Yagi Sane, Elnagar Ashraf, Yaghi Esra
Department of Foreign Languages, University of Sharjah, the United Arab Emirates.
Department of Computer Science, University of Sharjah, the United Arab Emirates.
Data Brief. 2024 Feb 1;53:110118. doi: 10.1016/j.dib.2024.110118. eCollection 2024 Apr.
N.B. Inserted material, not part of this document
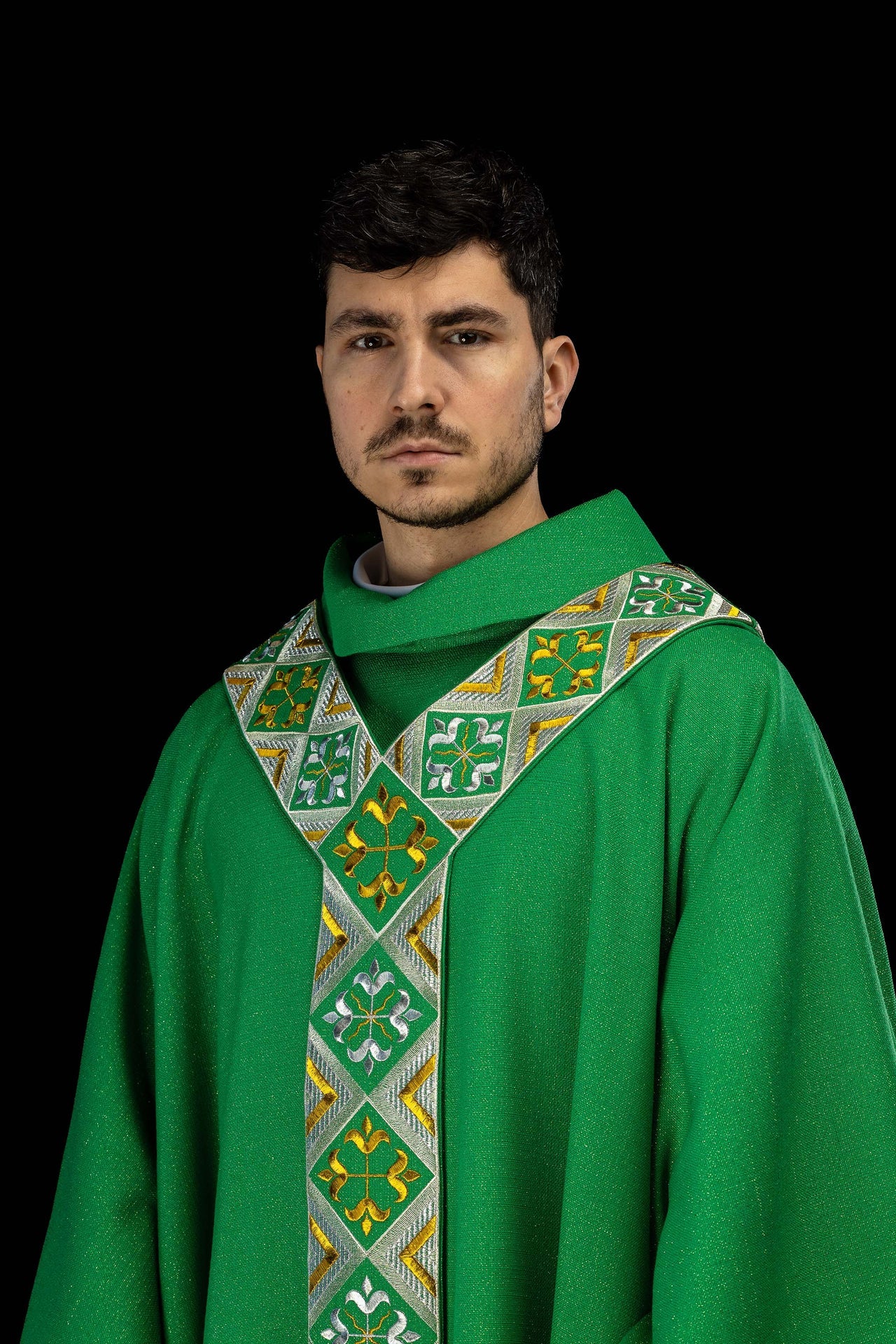 Haftowany pas na ornat w zestawie z ornatem zielony - ORNATY.PL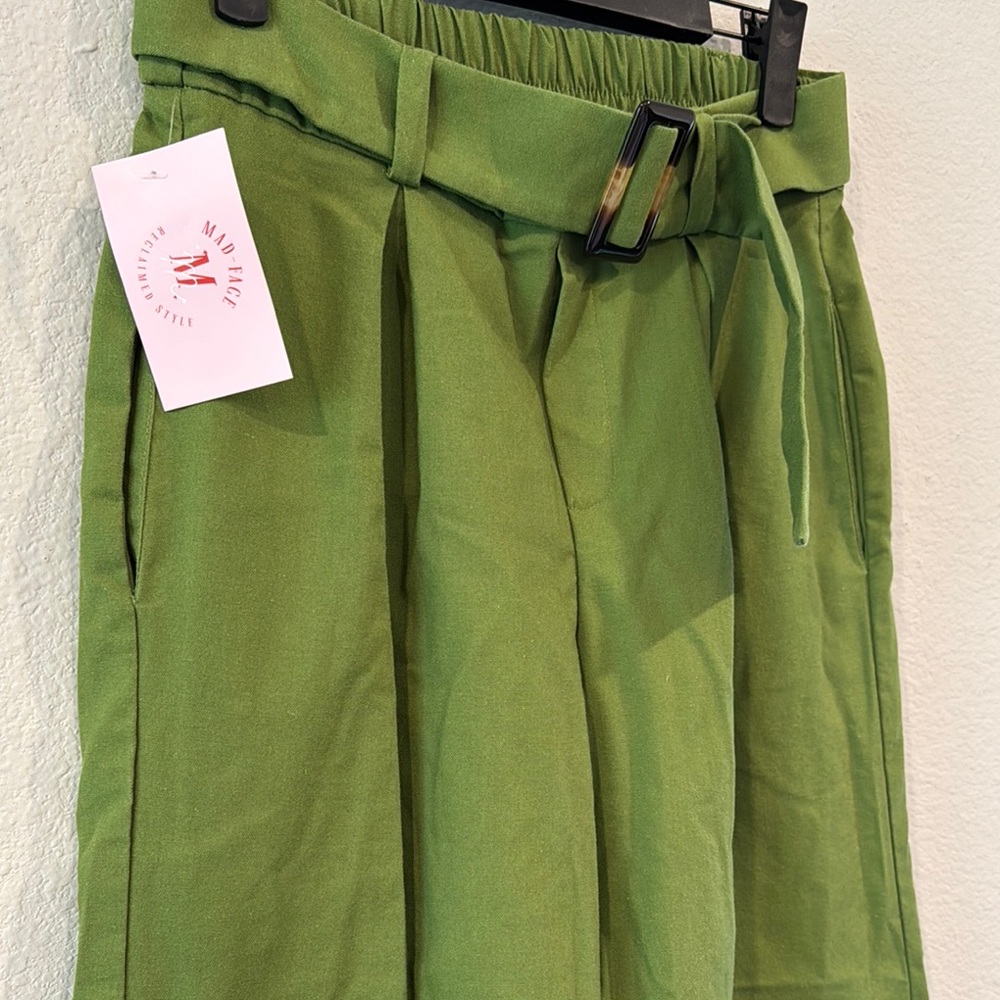 Green Pleated High-Waist Pants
Arabic, unlike many languages, suffers from punctuation inconsistency, posing a significant obstacle for Natural Language Processing (NLP). To address this, we present the Arabic Punctuation Dataset (APD), a large collection of annotated Modern Standard Arabic texts designed to train machine learning models in sentence boundary identification and punctuation prediction. APD leverages the "theme-rheme completion" principle, a grammatical feature closely linked to consistent punctuation placement. It consists of an annotated collection of Modern Standard Arabic (MSA) texts that encompass 312 million words in approximately 12 million sentences. It comprises three diverse components: Arabic Book Chapters (ABC): Manually annotated, non-fiction, book excerpts, constituting a gold-standard reference. Complete Book Translations (CBT): Parallel English-Arabic book translations with aligned sentence endings, ideal for machine translation training. Scrambled Sentences from the Arabic Component of the United Nations Parallel Corpus (SSAC-UNPC): Jumbled sentences for model training in automatic punctuation restoration. Beyond NLP, APD serves as a valuable resource for linguistics research, language learning, and real-time subtitling. Its authentic, grammar-based approach can enhance the readability and clarity of machine-generated text, opening doors for various applications such as automatic speech recognition, text summarization, and machine translation.
与许多语言不同,阿拉伯语存在标点符号不一致的问题,这给自然语言处理(NLP)带来了重大障碍。为了解决这个问题,我们推出了阿拉伯语标点数据集(APD),这是一个大量注释的现代标准阿拉伯语文本集合,旨在训练机器学习模型进行句子边界识别和标点预测。APD利用了“主题-述题完成”原则,这是一种与一致的标点放置紧密相关的语法特征。它由一个注释的现代标准阿拉伯语(MSA)文本集合组成,包含约1200万个句子中的3.12亿个单词。它包括三个不同的部分:阿拉伯语书籍章节(ABC):人工注释的非虚构书籍摘录,构成黄金标准参考。完整书籍翻译(CBT):具有对齐句子结尾的平行英语-阿拉伯语书籍翻译,非常适合机器翻译训练。联合国平行语料库阿拉伯语部分的打乱句子(SSAC-UNPC):用于自动标点恢复模型训练的打乱句子。除了NLP,APD还是语言学研究、语言学习和实时字幕的宝贵资源。其基于语法的真实方法可以提高机器生成文本的可读性和清晰度,为自动语音识别、文本摘要和机器翻译等各种应用打开大门。